Thanks for your response!  Bear with me, though, because I'm asking
a design question below that relates to this.

    On Sat, Sep 29, 2001 at 12:44:59AM -0400, Lenny Foner <foner-reiserfs@media.mit.edu> wrote:
    > isn't fixed by fsck?  [See outcome (d) below.]  I'm having difficulty
    > believing how this can be possible for a non-journalling filesystem.

    If you have difficulties in believing this, may I ask you how you think it
    is possible for a non-journaling filesystem to prevent this at all?

Naively, one would assume that any non-journalling FS that has written
correct metadata through to the disk would either have written updates
into files, or failed to write them, but would not have written new
(<60 second old) data into different files than the data was destined for.
(I suppose the assumption I'm making here is that, when creating or
extending a file, the metadata is written -last-, e.g., file blocks
are allocated, file data is written, and -then- metadata is written.
That way, a failure anywhere before finality simply seems to vanish,
whereas writing metadata first seems to cause the lossage below.)

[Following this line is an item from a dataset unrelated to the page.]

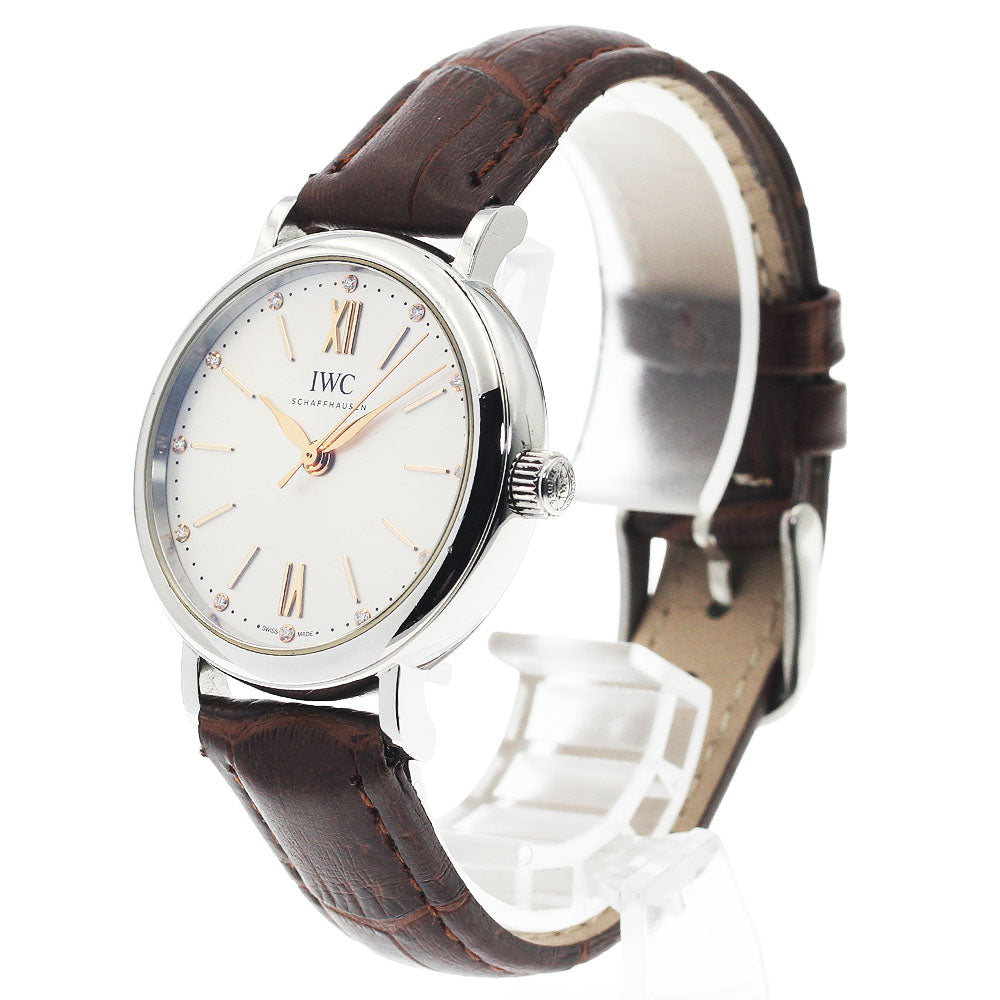 IWC SCHAFFHAUSEN Portofino IW357403 12P diamond Silver Dial Automatic Ladies Watch_944542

    > But what about written to the wrong files?  See below.

    What you see is most probably *old* data, not data from another (still
    existing) file.

I'm...  dubious, but maybe.  As mentioned earlier in this thread,
one of the failures I saw consisted of having several lines of my
XFree86.0.log file appended to wtmp---when I logged in after the
failure, I got "Last login: " followed by several lines from that file
instead of a date.  (Other failures scrambled other files worse.)

Now, it's -possible- that rsfs allocated an extra portion to the end
of wtmp for the last-login data (as a user of the fs, I don't care
whether officially this was a "block", an entry in a journal, etc),
login "wrote" to that region (but it wasn't committed yet 'cause no
sync), my XFree86.0.log file was "created" and "written" (again
uncommitted), I pushed reset, and then when it came back up, the end
of wtmp had data from the -previous- copy of XFree86.0.log that had
been freed (because it was unlinked when the next copy was written)
but which had not actually had the wtmp data written to it yet
(because a sync hadn't happened).  I have no way to verify this, since
one XFree86.0.log looks much like the other.  Conceptually, this would
imply that wtmp was extended into disk freespace, which just happened
to have that logfile in it (instead of zero bytes).  Is this what
you're talking about when you say "*old* data"?  I think so, and that
seems to match your comment below about file tails moving around
rapidly.

But it doesn't explain -why- it works this way in the first place.
Wouldn't it make more sense to commit metadata to disk -after- the
data blocks are written?  After all, if -either one- isn't written,
the file is incomplete.  But if the metadata is written -last-, the
file simply looks like the data was never added.  If the metadata is
written -first-, the file can scoop up random trash from elsewhere in
the filesystem.  I contend that this is -much- worse, because it can
render a previously-good file completely unparseable by tools that
expect that -all- of the file is in a particular syntax.  It's just
an accident, I guess, that login will accept any random trash when
it prints its "last-login" message, rather than falling over with a
coredump because it doesn't look like a date.  [And see * below.]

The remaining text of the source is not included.